## WHAT THE TASK REQUIRES
Each entry that follows is to be retyped exactly. Pictures do not belong in the copy.

## SUPPLIED MATERIAL
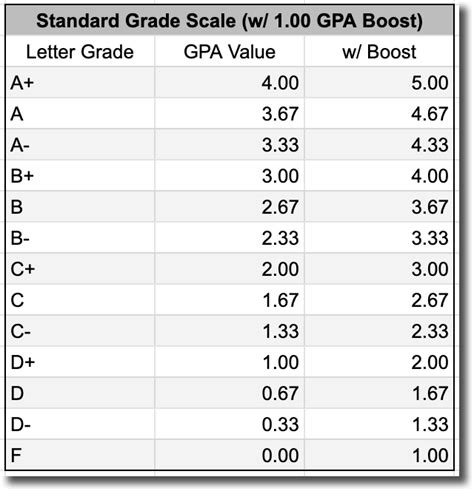 difference   weighted gpa   unweighted gpa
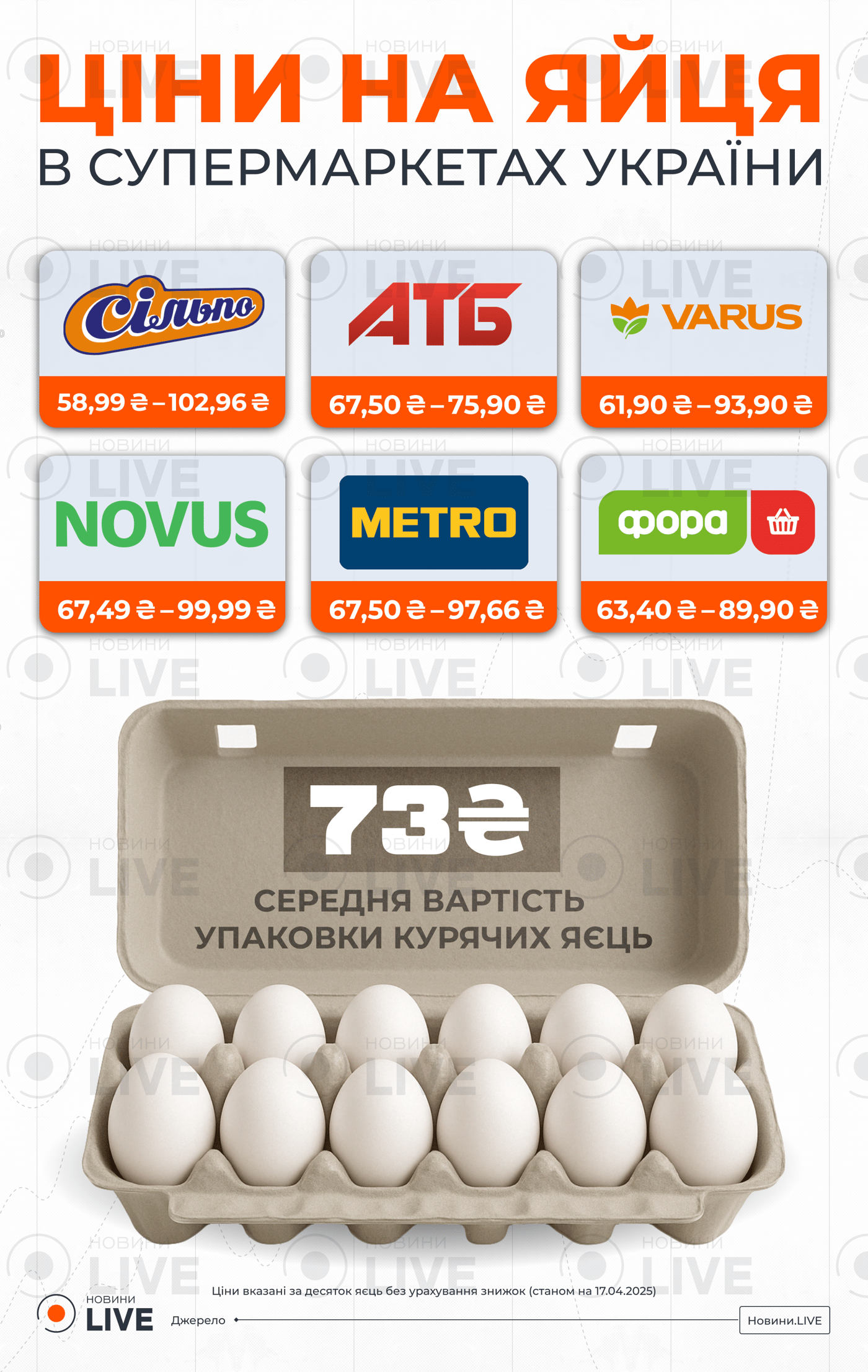 Ціни на яйця інфографіка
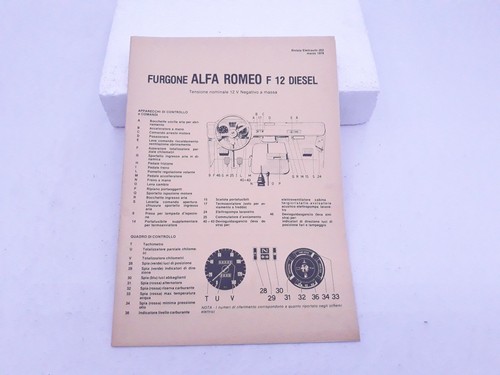 Manuale officina impianto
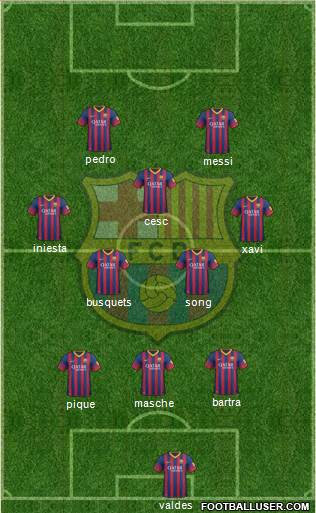 F.C. Barcelona Formation 2014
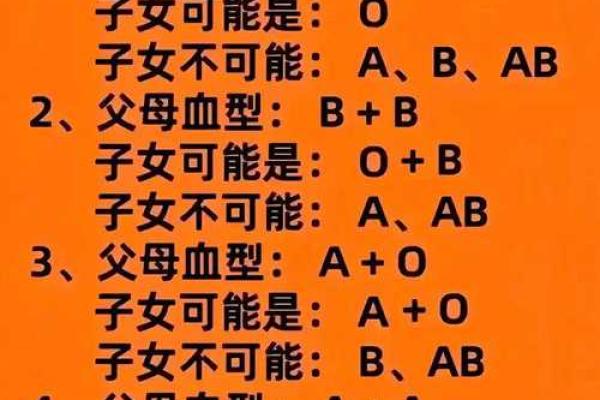 血型可以判断孩子是亲生的吗 血型能鉴定亲子关系吗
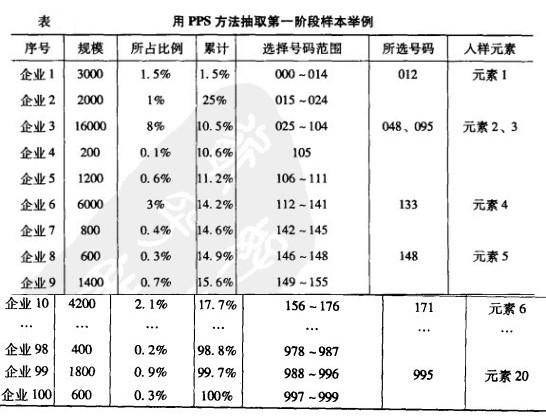 機械隨機抽樣法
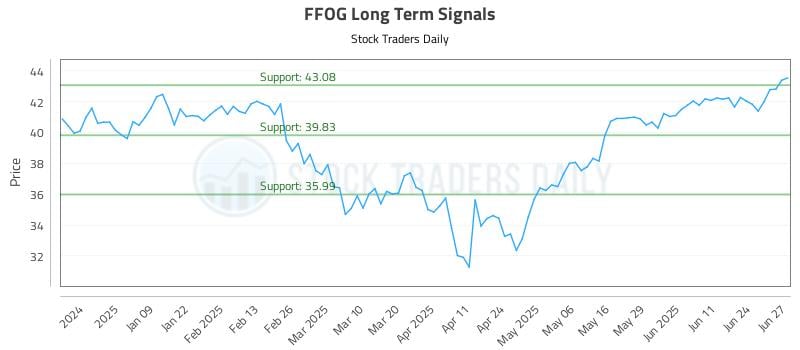 FFOG Long Term Analysis for June 30 2025 FFOG Long Term Analysis for June 30 2025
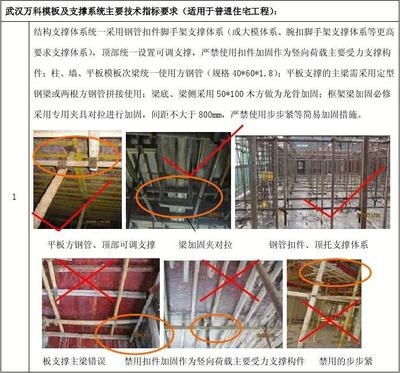 建筑加固工程質(zhì)量標(biāo)準(zhǔn)，建筑加固工程質(zhì)量標(biāo)準(zhǔn)，保障建筑安全與 行業(yè)新聞 第4張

## REPLY
 difference   weighted gpa   unweighted gpa
 Ціни на яйця інфографіка
 Manuale officina impianto
 F.C. Barcelona Formation 2014
 血型可以判断孩子是亲生的吗 血型能鉴定亲子关系吗
 機械隨機抽樣法
 FFOG Long Term Analysis for June 30 2025 FFOG Long Term Analysis for June 30 2025
 建筑加固工程質(zhì)量標(biāo)準(zhǔn)，建筑加固工程質(zhì)量標(biāo)準(zhǔn)，保障建筑安全與 行業(yè)新聞 第4張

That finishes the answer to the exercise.